During the four major clinical studies, 24% of the galantamine-treated patients had nausea, usually during the initial weeks of dosage increases and commonly lasting five to seven days. Also reported more frequently in the galantamine-treated patients than in the placebo groups were vomiting (13%), dizziness (9%), diarrhea (9%), anorexia (9%), headache (8%), weight loss (7%), and depression (7%).
Metabolic pathways catalyzed by cytochrome P-450 isoenzymes 1A2, 2A6, 3A4, 4A, 2C, 2D6, and 2E1 are not inhibited in vitro by galantamine. Paroxetine and cimetidine, but not ranitidine, increase the oral bioavailability of galantamine above its usual 90%. Exposure to galantamine is increased 30% by ketoconazole and 10% by erythromycin.

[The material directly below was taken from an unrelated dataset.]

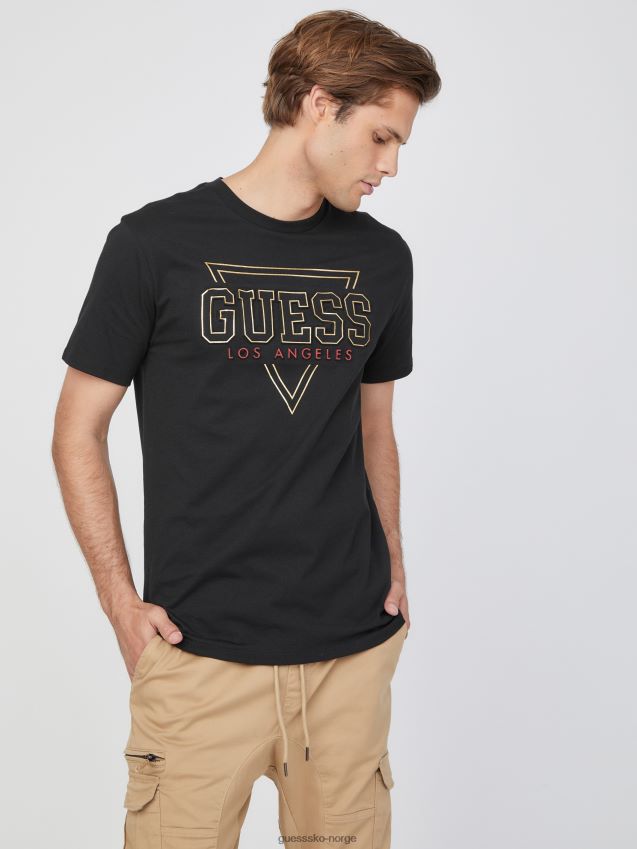 Guess jet black øko lin logo t-skjorte kulsvart menn F0LJ808356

The recommended starting dosage of galantamine is 4 mg twice daily. Increases of 8 mg/day, in two divided doses, may be made after at least four weeks at a given dosage. A maintenance dosage of 1624 mg/day, in two divided doses, has been found to be effective and reasonably tolerated; however, the 24-mg/day dosage may not benefit patients much more than the 16-mg/day regimen. Patients with moderately impaired hepatic or renal function should not receive more than 16 mg of galantamine per day; those with severe hepatic or renal impairment should not receive the drug. Use of an antiemetic medication, administration of doses with the morning and evening meals, and adequate fluid intake may reduce the occurrence of nausea.
Reminyl, available starting in May, will be supplied as film-coated tablets in three strengths: 4 mg (off-white), 8 mg (pink), and 12 mg (orange-brown).